Bien sûr grâce aux routes et à l’administration que cet empire a su mettre en place, de nombreuses villes et régions se sont développées autour de la mer Méditerranée. Sous le règne des empereurs romains, beaucoup d’habitants ont vu leurs conditions de vie s’améliorer. Mais sous ce même règne, les inégalités et les répressions étaient aussi chose courante. Chacun n’était pas à l’abri d’être un jour réduit en esclave s’il ne se soumettait pas aux conditions établies par la pax romana. 

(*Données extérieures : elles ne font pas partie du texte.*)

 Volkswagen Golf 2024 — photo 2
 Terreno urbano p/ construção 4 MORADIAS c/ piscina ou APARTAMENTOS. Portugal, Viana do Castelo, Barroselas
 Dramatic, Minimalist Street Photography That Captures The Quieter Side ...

Par rapport à ce type de règne, le règne de Dieu était d’un autre ordre. Toute sa vie durant, en parlant du règne de Dieu, Jésus de Nazareth a témoigné que les conditions établies par le Créateur étaient les mêmes pour tous ; et qu’en façonnant la femme et l’homme à sa ressemblance, c’est à dire en faisant de chaque humain une personne, capable de réfléchir et de choisir, le but poursuivi par le Créateur n’était pas de faire de cette créature un esclave docile et soumis, mais d’en faire un partenaire personnel avec lequel le Créateur pourrait entrer en communion. 

Donc quand les pharisiens demandent à Jésus « quand viendra le règne de Dieu », ils s’interrogent pour savoir quand viendront enfin les conditions de vie favorables permettant à chacune et chacun de ne pas vivre comme des esclaves, mais comme des partenaires personnels. 

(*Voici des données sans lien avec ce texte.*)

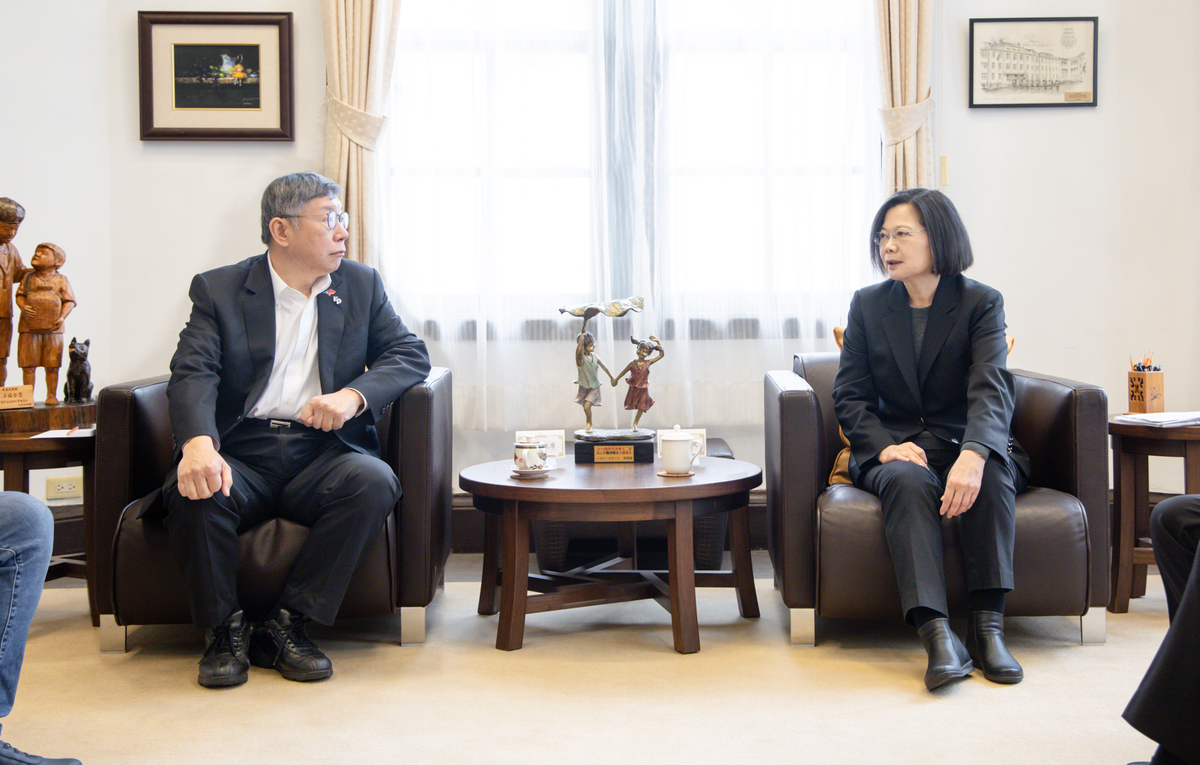 蔡英文邀請柯文哲於總統府內會面。 圖：總統府提供
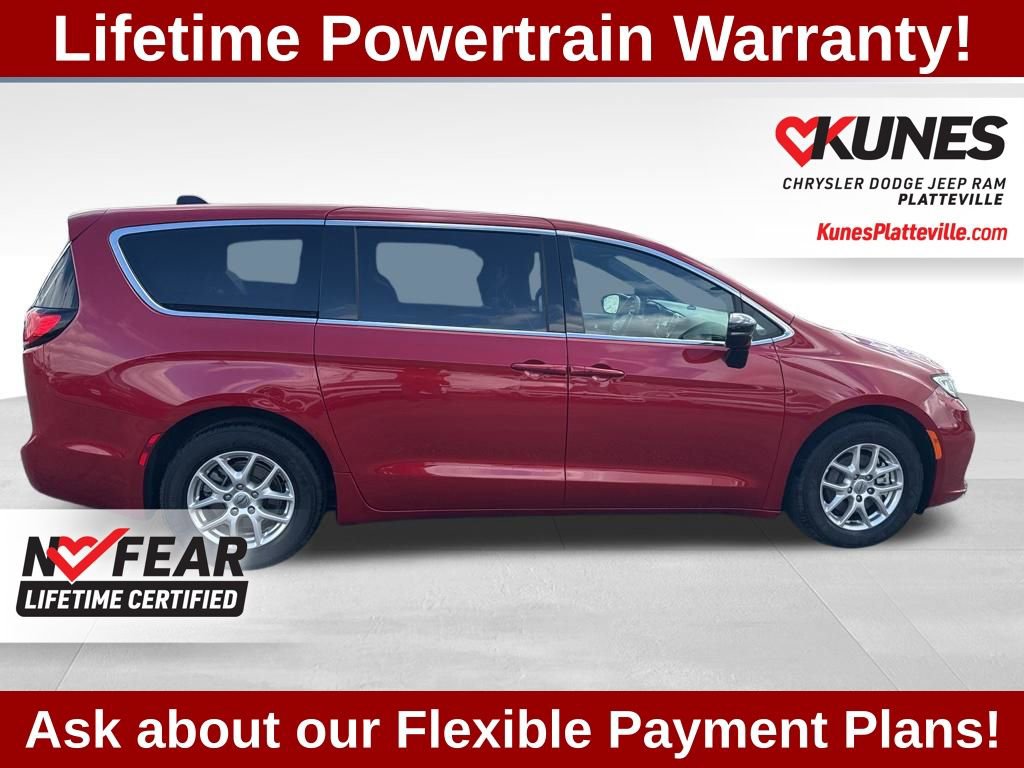 Used 2025 Chrysler Pacifica Select image 3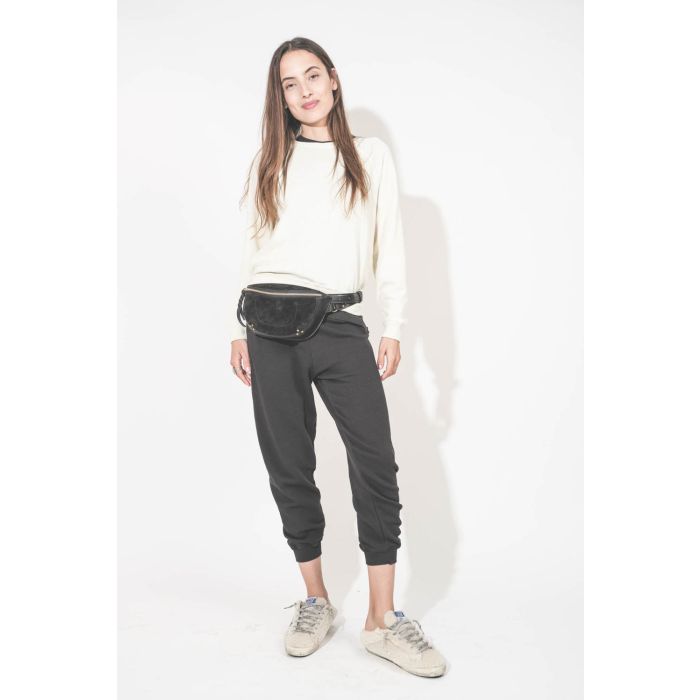 Sac banane en cuir chèvre grainé noir Lino Jérôme Dreyfuss. Porté avec un sweat-shirt écru Shrunken The Great et un pantalon de jogging court noir The Great. Sneakers Super Star sabot en Shearling écru Golden Goose.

3. Depuis l’époque où les pharisiens se posaient ce genre de questions, de l’eau a coulé sous les ponts. Le règne des empereurs de Rome a passé. Cependant, aujourd’hui n’aspirons-nous pas, nous aussi, à pouvoir vive sous des conditions qui soient le plus favorables possible ? 

Des conditions climatiques qui ne soient pas extrêmes ou imprévisibles, mais qui nous apportent suffisamment de lumières, de chaleurs, de régularité afin que nous puissions vivre sereinement…

Des conditions sociales qui ne soient pas chaotiques et désorganisées, mais qui puissent nous fournir une éducation, un milieu professionnel, des soins permettant que nous puissions nous former, développer pleinement nos capacités, pour ensuite les exercer et pour ensuite vieillir sereinement.

Quand nous renouons avec cette aspiration de vivre sous des conditions favorables, nous sommes en mesure de comprendre profondément ce que les Écritures bibliques entendent par la notion de « règne ». 

lob 180922 24. Ceci étant dit, allons plus loin. Lorsque les pharisiens interpellent Jésus sur la venue du règne de Dieu, ils se demandent  dans tout ce qu’ils vivent au quotidien où sont les conditions de vie qui reflètent le règne de Dieu ? Quelles sont les conditions de vie qui vont à l’opposé de ce règne ?  Et par rapport aux situations injustes qui vont à l’encontre de ce règne, quand seront donc vraiment mises en place les conditions de vie alignées sur cet règne ? 

De l’eau a coulé sous les ponts, il n’empêche leur questionnement peut aussi être le nôtre. Car, aujourd’hui de multiples signes montrent que les conditions climatiques sous lesquelles nous avons eu l’habitude de vivre sont en train de changer profondément ; et qu’il nous faut prendre la mesure de ces changements en changeant à notre tour…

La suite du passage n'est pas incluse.